Today we checked out of our Chiang Mai guesthouse, the Hollandra Montri, which has been our home for almost three weeks. I felt sad to leave, as we've gotten to know some great people here and have had a great time. But more adventures await us, and we want to take advantage of being in this part of Thailand by seeing some of the surrounding country. We decided to travel light on this leg of the trip, which meant leaving our bags in the storage area of the guesthouse and basically just bringing day packs with us for the next four days!! Hope I decided the correct things to bring!! Wishing my day pack was just a little bit bigger.
We walked to the bus station again, this time to catch a "VIP" van instead of the bus. This meant a four-hour trip instead of a six-hour one. Frankly, the bus was a bit more comfortable, but I began to see the advantage to the van as soon as we started on the road north to Pai (another good destination on the way, where we will be headed on Saturday). Our trip today is about 200 km, on the windingest road I have ever seen. Hairpin turns and practically switchbacks, one after the next, for most of the way. Motorists in Thailand drive on the left side of the road, which makes these drives particularly dangerous for those like us who drive on the right. Easy to get confused, and I had several moments today where I thought a crash was imminent, since it seemed like everyone coming around a curve was coming from the wrong angle! We frequently passed slower moving vehicles, like busses and scooters, and I was glad not to be one of the ones driving a scooter on this road!

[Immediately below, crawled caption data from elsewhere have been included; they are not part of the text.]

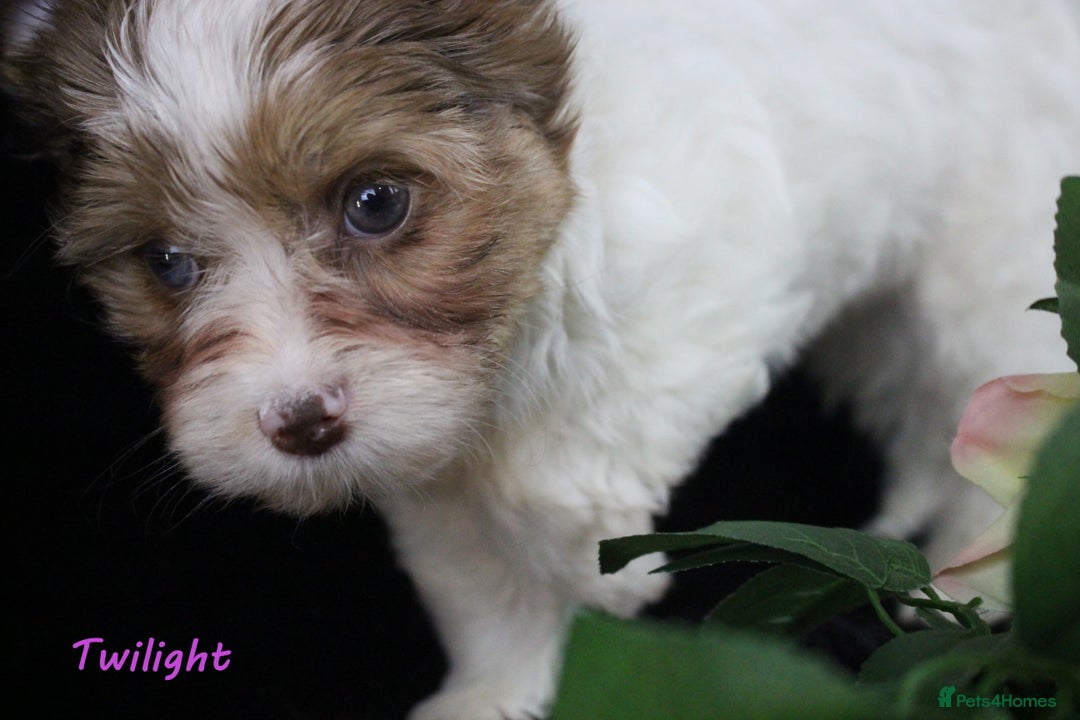 Yorkshire Terrier dogs for sale: Choc & White Yorkie Girl Blue eyes – Ready Now - Advert 7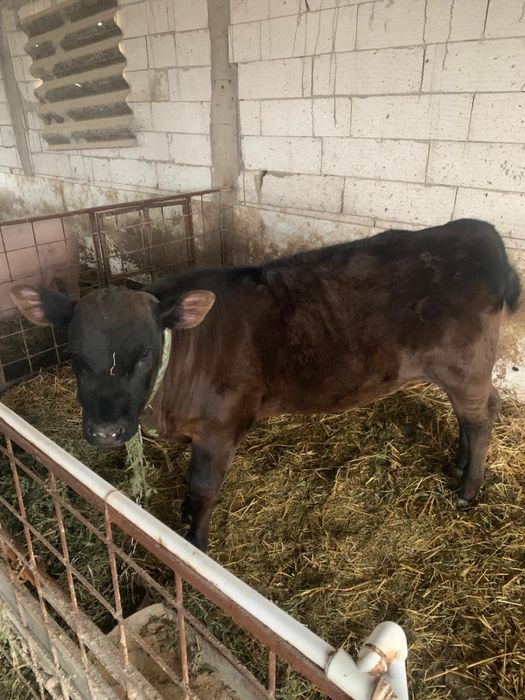 Vitel de vanzare Angus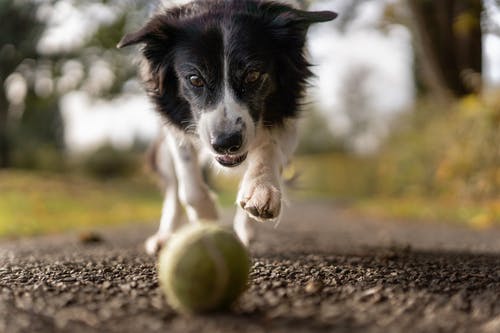 Tips for Caring for Your Dog After Surgery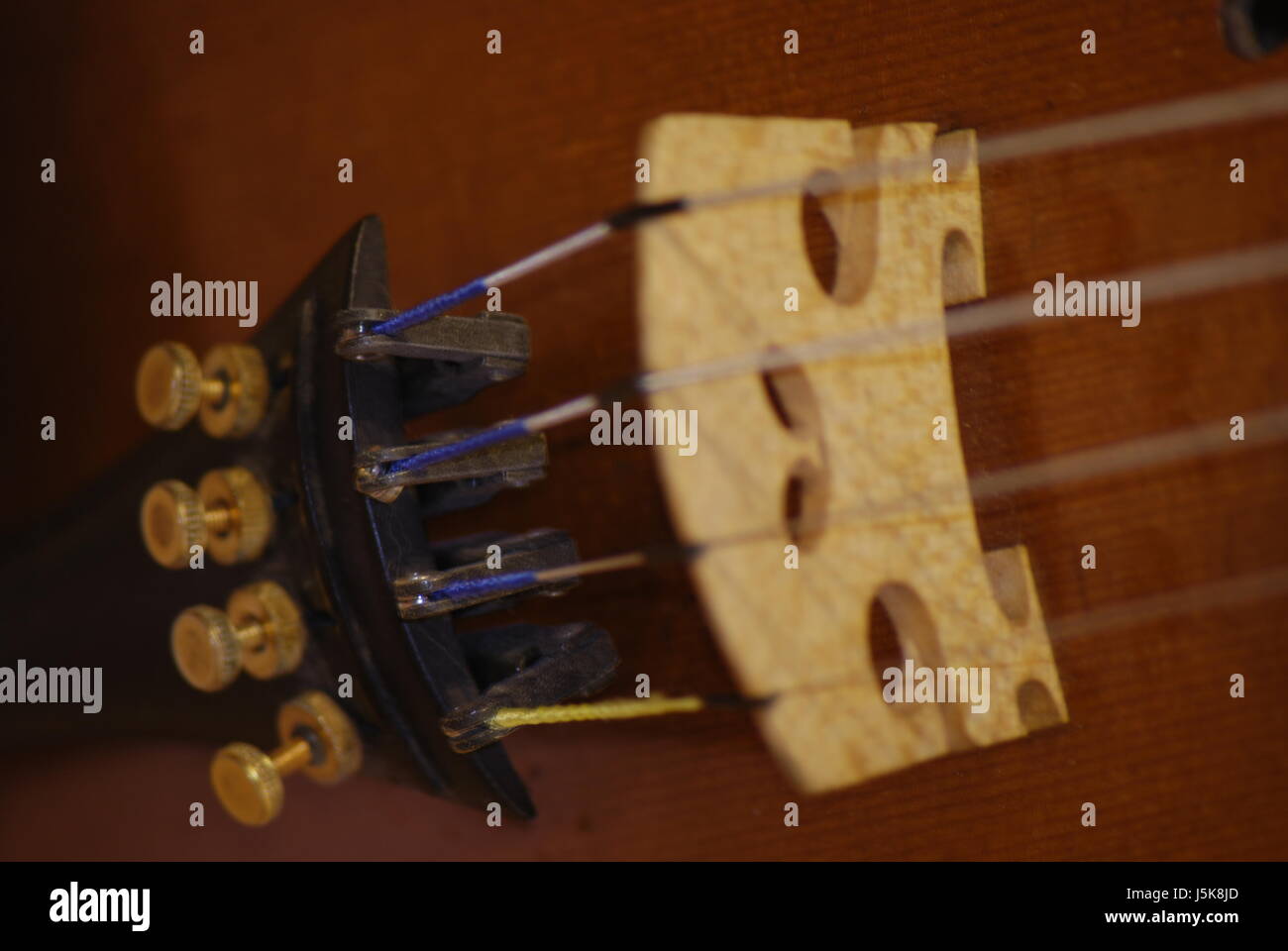 music musical instrument wood bridge strings violin bowed instrument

Our destination was the stop before the end of the line near the Myanmar border with Thailand; a little town previously called Soppong, and now called Pang Mapha. Our van driver stopped briefly here in Pang Mapha (PMP) for some reason. We had been seeing signs for our lodge and for the town, so we disembarked too. As we were looking around to get our bearings and deciding our plans for our return bus trip on Saturday, it became clear that our driver was trying to call us back to the van. I had not yet learned that Soppong and PMP were in fact the same place, and I thought maybe he knew something we didn't, about obtaining transport to our lodge, or getting return tickets or something. But the proximity of the road to our lodge seemed closer at this current stop, so we insisted that he leave us behind. I found out later that had we gotten back on the van, we would have been taken all the way to Mae Hong San, the end of the line, over an hour away.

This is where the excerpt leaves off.